→ **PROBLEM TO SOLVE**: If a line in the listing below includes the string "Image", pull it out.

→ **EXTRACTED DATA**:
=== Section Start ===

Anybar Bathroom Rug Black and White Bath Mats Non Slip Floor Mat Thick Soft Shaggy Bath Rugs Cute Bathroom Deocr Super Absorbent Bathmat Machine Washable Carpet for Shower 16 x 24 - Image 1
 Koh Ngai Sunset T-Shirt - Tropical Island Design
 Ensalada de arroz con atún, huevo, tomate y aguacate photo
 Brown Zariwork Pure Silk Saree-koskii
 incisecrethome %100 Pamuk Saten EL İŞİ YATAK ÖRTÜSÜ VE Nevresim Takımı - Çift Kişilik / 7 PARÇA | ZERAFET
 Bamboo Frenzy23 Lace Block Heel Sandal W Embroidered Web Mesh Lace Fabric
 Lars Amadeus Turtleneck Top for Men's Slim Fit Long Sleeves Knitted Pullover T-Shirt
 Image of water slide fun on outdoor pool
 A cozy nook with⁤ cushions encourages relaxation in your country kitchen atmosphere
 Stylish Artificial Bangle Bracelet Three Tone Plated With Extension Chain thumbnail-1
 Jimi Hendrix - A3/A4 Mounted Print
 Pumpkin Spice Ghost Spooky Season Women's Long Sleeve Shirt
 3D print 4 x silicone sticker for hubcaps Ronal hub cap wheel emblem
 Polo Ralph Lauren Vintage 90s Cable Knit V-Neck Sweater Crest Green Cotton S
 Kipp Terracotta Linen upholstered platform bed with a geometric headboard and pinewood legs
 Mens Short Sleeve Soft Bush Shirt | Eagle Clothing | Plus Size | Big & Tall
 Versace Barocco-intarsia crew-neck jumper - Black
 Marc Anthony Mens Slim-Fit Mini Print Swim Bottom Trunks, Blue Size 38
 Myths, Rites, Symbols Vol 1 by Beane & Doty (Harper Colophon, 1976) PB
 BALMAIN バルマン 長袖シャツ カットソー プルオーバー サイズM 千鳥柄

=== Section End ===

→ **WRITTEN REPLY**:
Anybar Bathroom Rug Black and White Bath Mats Non Slip Floor Mat Thick Soft Shaggy Bath Rugs Cute Bathroom Deocr Super Absorbent Bathmat Machine Washable Carpet for Shower 16 x 24 - Image 1
 Image of water slide fun on outdoor pool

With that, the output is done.